Information:
╔══
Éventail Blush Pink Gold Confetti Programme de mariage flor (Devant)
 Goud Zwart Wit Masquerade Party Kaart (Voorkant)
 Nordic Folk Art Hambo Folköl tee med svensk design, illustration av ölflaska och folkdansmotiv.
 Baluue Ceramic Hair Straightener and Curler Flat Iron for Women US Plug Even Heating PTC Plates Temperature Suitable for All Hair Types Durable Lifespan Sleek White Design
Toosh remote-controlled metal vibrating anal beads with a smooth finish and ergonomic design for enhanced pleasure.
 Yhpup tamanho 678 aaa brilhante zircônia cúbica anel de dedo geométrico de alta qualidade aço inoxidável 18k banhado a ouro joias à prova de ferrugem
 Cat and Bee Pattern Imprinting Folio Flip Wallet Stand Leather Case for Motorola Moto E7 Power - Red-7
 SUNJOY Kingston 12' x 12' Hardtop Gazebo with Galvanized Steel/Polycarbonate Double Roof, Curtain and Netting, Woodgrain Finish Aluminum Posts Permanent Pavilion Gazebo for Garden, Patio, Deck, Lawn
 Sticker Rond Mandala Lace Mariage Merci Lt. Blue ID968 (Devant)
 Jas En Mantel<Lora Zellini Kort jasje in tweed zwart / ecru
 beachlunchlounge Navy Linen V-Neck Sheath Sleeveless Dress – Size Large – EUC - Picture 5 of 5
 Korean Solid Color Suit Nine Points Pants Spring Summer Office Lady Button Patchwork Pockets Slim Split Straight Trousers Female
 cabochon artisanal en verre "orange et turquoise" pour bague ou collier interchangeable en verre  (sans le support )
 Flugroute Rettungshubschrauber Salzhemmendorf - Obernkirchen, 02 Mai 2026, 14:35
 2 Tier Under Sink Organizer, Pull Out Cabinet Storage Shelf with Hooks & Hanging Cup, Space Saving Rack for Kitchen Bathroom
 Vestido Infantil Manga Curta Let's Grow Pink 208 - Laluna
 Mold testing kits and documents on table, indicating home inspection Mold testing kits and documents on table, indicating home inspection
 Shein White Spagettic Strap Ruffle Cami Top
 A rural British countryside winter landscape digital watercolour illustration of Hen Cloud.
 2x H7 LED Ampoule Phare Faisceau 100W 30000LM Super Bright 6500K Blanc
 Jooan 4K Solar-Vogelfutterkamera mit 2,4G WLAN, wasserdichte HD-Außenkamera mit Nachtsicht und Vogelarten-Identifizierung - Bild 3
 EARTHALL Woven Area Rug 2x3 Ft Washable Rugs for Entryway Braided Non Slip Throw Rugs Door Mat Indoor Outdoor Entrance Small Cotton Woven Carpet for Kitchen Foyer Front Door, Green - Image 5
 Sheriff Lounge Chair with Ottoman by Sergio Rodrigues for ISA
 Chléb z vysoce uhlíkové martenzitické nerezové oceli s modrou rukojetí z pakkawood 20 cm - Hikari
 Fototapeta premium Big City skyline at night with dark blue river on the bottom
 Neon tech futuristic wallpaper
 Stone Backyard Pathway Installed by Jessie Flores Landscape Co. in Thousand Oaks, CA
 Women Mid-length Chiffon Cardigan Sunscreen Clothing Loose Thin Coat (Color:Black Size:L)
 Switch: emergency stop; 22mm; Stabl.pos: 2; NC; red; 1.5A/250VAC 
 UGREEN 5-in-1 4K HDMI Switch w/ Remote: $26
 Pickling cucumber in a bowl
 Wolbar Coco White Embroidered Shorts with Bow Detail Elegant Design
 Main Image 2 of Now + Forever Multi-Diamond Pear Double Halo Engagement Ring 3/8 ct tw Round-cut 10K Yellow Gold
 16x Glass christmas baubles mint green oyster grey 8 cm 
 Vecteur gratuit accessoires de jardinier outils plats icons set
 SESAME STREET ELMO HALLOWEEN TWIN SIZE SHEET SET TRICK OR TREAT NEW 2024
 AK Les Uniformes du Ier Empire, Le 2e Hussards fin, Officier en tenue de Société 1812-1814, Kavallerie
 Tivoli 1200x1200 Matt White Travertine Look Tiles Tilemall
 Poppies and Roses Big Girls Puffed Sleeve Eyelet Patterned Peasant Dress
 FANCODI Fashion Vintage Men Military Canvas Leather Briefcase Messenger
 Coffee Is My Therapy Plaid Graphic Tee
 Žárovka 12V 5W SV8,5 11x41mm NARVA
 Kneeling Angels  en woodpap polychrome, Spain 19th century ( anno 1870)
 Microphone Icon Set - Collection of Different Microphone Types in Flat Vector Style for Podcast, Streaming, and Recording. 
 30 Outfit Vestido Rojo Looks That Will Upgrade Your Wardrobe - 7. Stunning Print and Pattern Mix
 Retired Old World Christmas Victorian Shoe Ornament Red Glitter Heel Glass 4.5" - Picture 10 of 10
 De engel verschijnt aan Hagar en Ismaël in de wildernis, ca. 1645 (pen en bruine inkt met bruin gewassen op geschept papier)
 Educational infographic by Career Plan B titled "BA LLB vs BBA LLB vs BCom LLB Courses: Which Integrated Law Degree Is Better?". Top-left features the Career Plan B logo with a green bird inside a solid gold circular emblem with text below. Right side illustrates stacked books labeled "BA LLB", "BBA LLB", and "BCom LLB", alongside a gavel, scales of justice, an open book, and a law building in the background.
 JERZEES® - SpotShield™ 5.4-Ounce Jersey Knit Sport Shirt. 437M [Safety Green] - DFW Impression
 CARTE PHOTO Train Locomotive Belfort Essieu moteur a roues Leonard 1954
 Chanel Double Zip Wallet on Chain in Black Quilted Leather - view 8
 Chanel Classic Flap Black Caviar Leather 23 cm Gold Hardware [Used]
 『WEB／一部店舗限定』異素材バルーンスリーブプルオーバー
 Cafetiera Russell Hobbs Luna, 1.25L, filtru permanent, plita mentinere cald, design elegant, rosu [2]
╚══
Exercise goal: Looking at the material above, state the number of lines that contain the word "Double". Give nothing but that number.

Your solution: 3